With the passage of time, horror movies must evolve in order to retain their potency though there are basic elementary “rules” that have remained constant over the years.  Rules like less is always more and to never reveal too much of your monster and to let the audiences imagination run amok with its own dark thoughts.  The 70s wave of horror was rebounding off the horrors of the Vietnam war that had bought some of the visceral horrors of war into middle class America’s living rooms.

Horror films evolved to reflect other real life horrors and we had a wave of economic recession oriented horror movies followed more recently with the post 9/11 wave of horrors with zombie invasions and the Saw/Hostel movies and torture porn as a grim reminder of Abu Ghraib.  Everything eventually grows familiar and horror movies have the burden of attempting to put a new twist on the old wheel in order to remain relevant and effective.

Old wine in new bottles is very much the way to go, but it has to be presented with a slant that is unfamiliar and thus leaves its audience on unfamiliar ground.  In horror movies, unfamiliar is half the battle won. So here you have what is in essence a good old fashioned Haunted House ghost story but with a fresh twist that takes a classic horror genre and cooks it up as a new recipe with fresh, potent spices infusing the old pudding with some wonderful new flavours to savour.

The film starts with a suburban house visited by a brutal crime and blood splattered corpses litter the once pristine home that now resembles a war-zone.  One body is discovered in the basement, half buried and without a scratch anywhere on the body nor any visible drop of blood.  There is no sign of whom she might have been and appears to be unconnected to the inhabitants of the house.  Tellingly one of the cops that discovers the body remarks that this corpse is totally unlike the others who all appeared to be somehow desperate to get out.

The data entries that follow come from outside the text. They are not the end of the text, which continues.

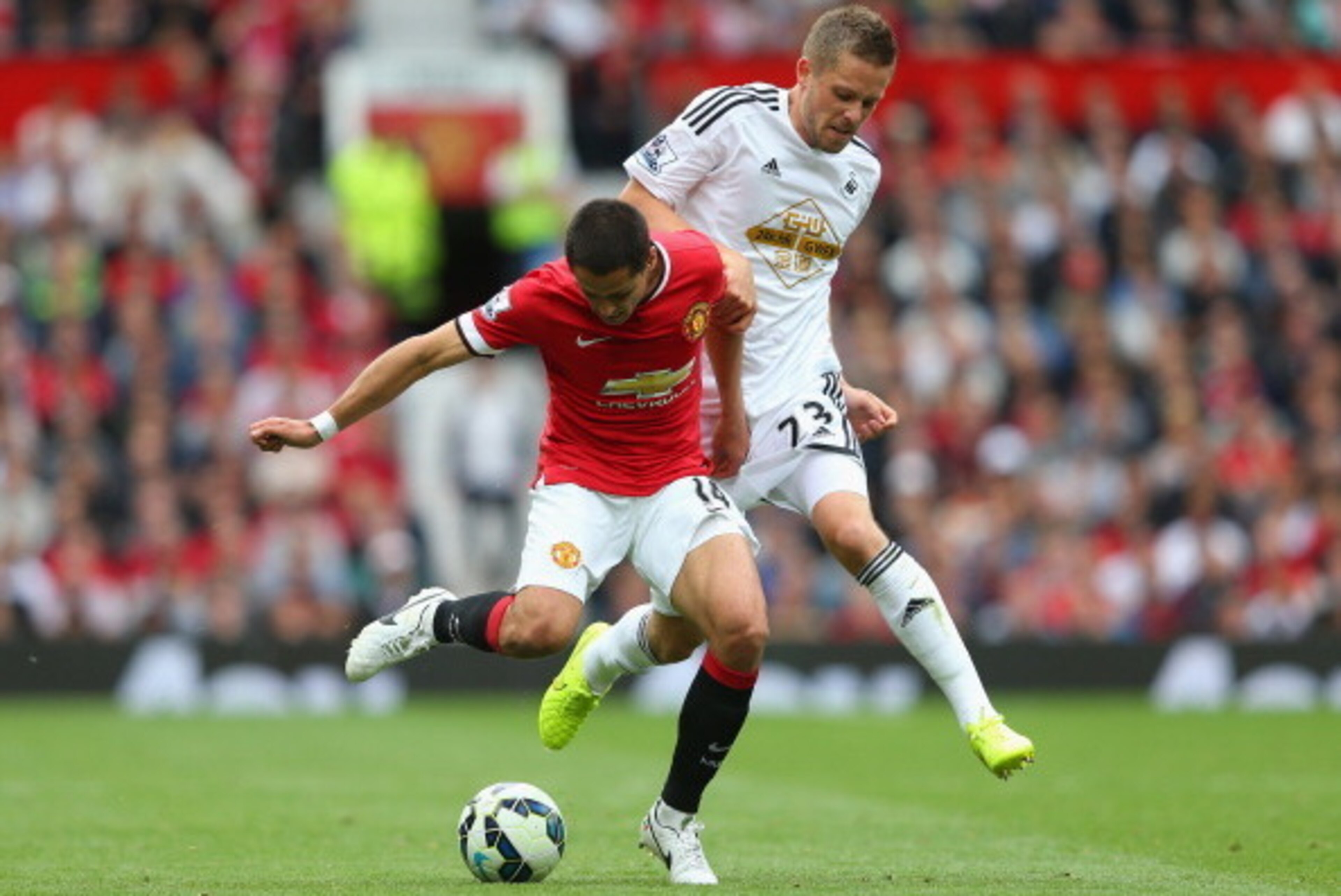 MANCHESTER, ENGLAND - AUGUST 16:  Javier Hernandez of Manchester United competes with Gylfi Sigurdsson of Swansea City during the Barclays Premier League match between Manchester United and Swansea City at Old Trafford on August 16, 2014 in Manchester, En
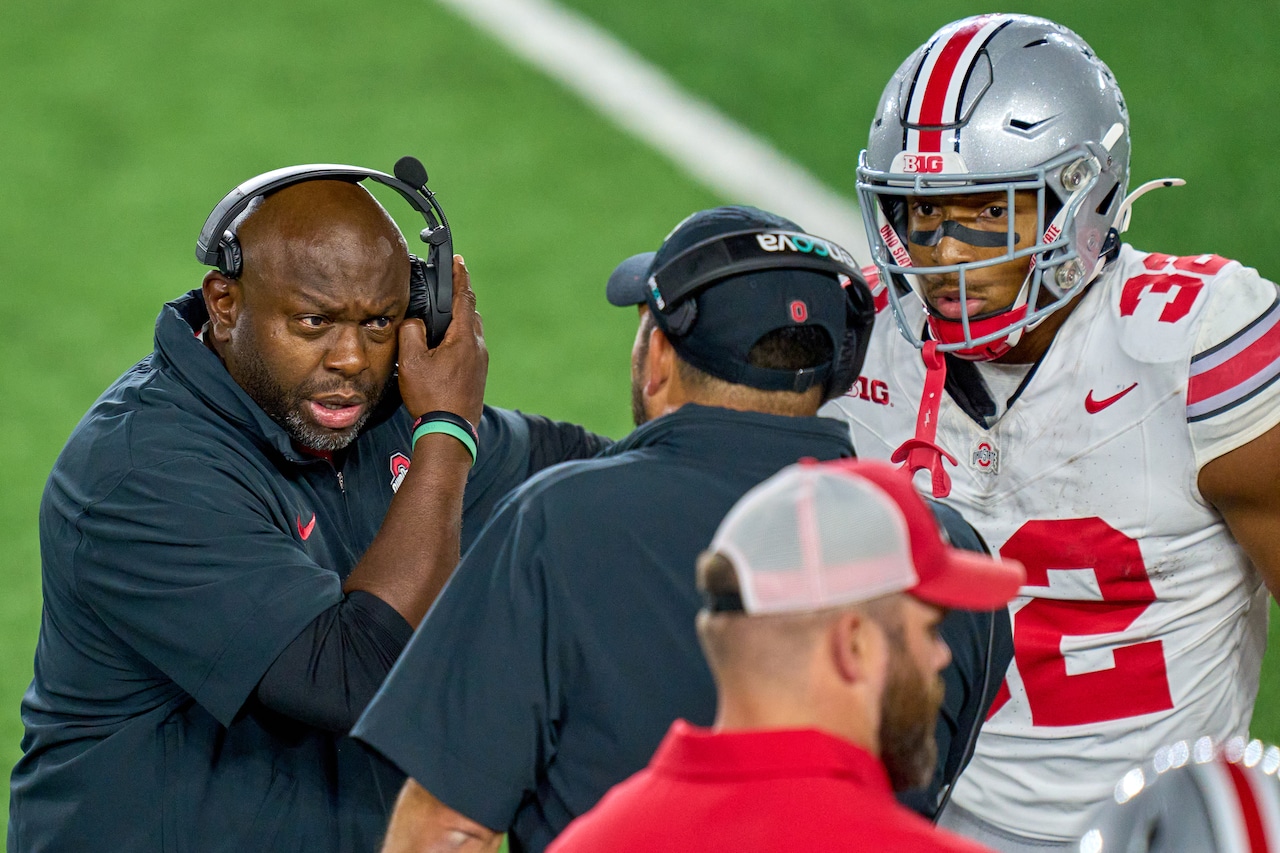 Ohio State Buckeyes running backs coach Tony Alford talks to head coach Ryan Day and running back TreVeyon Henderson (32) in action during a football game between the Notre Dame Fighting Irish and the Ohio State Buckeyes on September 23, 2023 at Notre Dame Stadium in South Bend, IN.
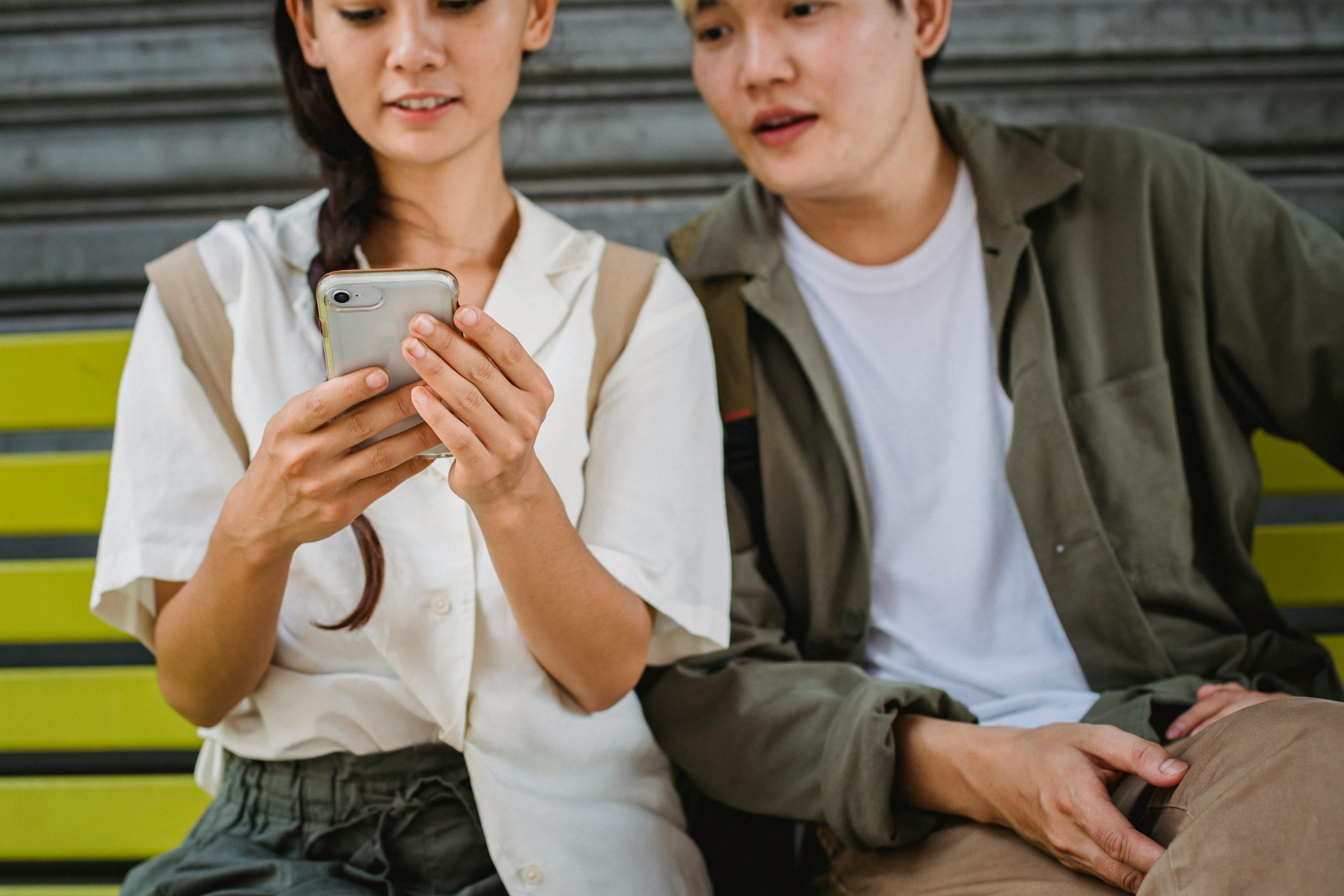 woman smiling while using her phone, with a man beside her glancing at the screen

The corpse of this Jane Doe is wheeled into a mortuary run by a father and son team with the son very much the green member of the duo and the father very much the gnarled old expert.  Together they listen to rock music while dismantling their cadavers and while doing so discovering the tale of their demise.  Each corpse has a story to tell and the autopsy is that revelation.  Jane Doe’s case is perplexing though and as the father son team unravel the truth about her, the more they are plunged into a spiralling world of appalling horror. Her story is about to become their story with terrifying results.

The movie draws its viewer slowly in as the puzzle of Jane Doe is slowly unearthed with increasing tension and unease.  The acting remains rock solid as the shocks start to mount with one or two capable of startling even the most jaded horror movie veteran.  The last half hour lays it on thick and for a moment or two the film degenerates into familiarity but not enough to stop it from being elevated to among the most effective and scary films of the last few years and easily surpassing the increasingly familiar tales spun by the current king of the horror scene James Wan.

The Autopsy of Jane Doe effectively and quite brilliantly takes an old horror sub genre and rearranges or even remixes it to delightful effect and the result is one of the most effective mainstream horror films to emerge for a while. Most entertaining and dare we say, even rather scary.